Look for a camera which has preset shoot modes. Generally all cameras are coming with atleast 6 or more such modes viz. Auto mode, Action mode, Snow mode, Landscape mode, Macro mode, Night mode, Portrait mode, Panorama mode, soft snap mode etc. These presets adjust the level of exposure of light and color. They are very handy for quick shots. Make sure this preset modes are there in your camera. 

*Video recording *

Many digital cameras can record video with audio too. They generally record in MPEG video format. If you don't own a handy cam, then this feature adds a great value to your digicam. Some cameras record video for some period only like a 30 seconds clip. These are useless and better to stay from these models. Make sure you get a camera with continuous recording of video and audio. The length of video shoot depends upon the amount of memory space in the memory card. 

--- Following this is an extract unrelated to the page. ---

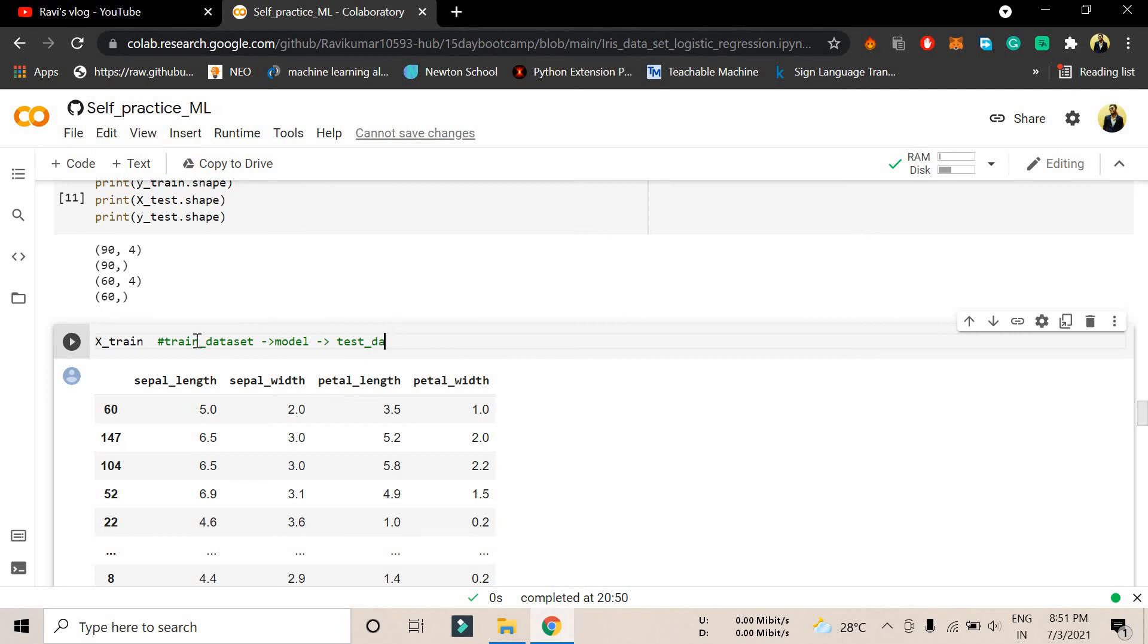You have to train your model by using the train dataset, and then after that you have to test your model. It's like how you read throughout the semester, and at the end of the semester you have to give the exam for that particular subject. It's the same for the model here.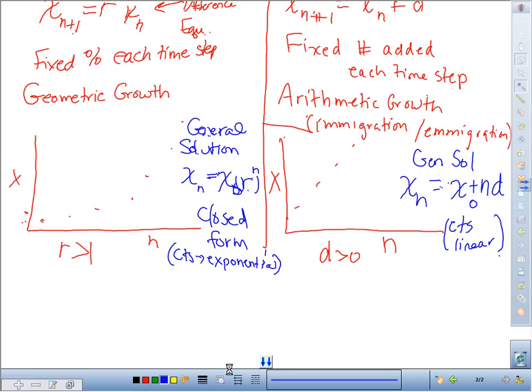Does that make intuitive sense? Which is going to grow faster between r being greater than 1 and D being greater than 0, if you start with the same population size? Long term, the geometric. In the short term it depends how many you're adding.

Most of the models won't allow you to use zoom during the video shoot. But now-a-days, manufacturers are including this feature too. Zoom in a video is essential, else the video is as dead as a dodo. So look for this feature too. There are some other features offered in some models like Music Playback, Wireless transfer, Editing in Camera, etc. This choice is left to you to decide and should not be a major hurdle to decide your Digicam

_Happy Shopping!_


----------



## BBThumbHealer (Jun 3, 2007)

thnx Kiran ...really useful tutorial !


----------



## 47shailesh (Jun 3, 2007)

*www.dpreview.com/ 
*www.dcresource.com/
is the site that i had preffered and other should as it not only has guidelines to buy but a long list of Feedback,Reviews and comparison with other models.. It also includes Expert rwviews.. So better hop there if u try to buy DC.


----------



## VideoEditingIndia (Jun 3, 2007)

Nice. If I am not Spamming, my article may also helpful to you:

*www.itportal.org/News/Guides/10_Things_to_know_before_buying_a_DIGITAL_CAMERA/


----------



## Kiran.dks (Jun 4, 2007)

BlackBerry7100g said:
			
		

> thnx Kiran ...really useful tutorial !



I appreciate the feedback.


----------



## Kiran.dks (Jun 12, 2007)

Finally images added!


----------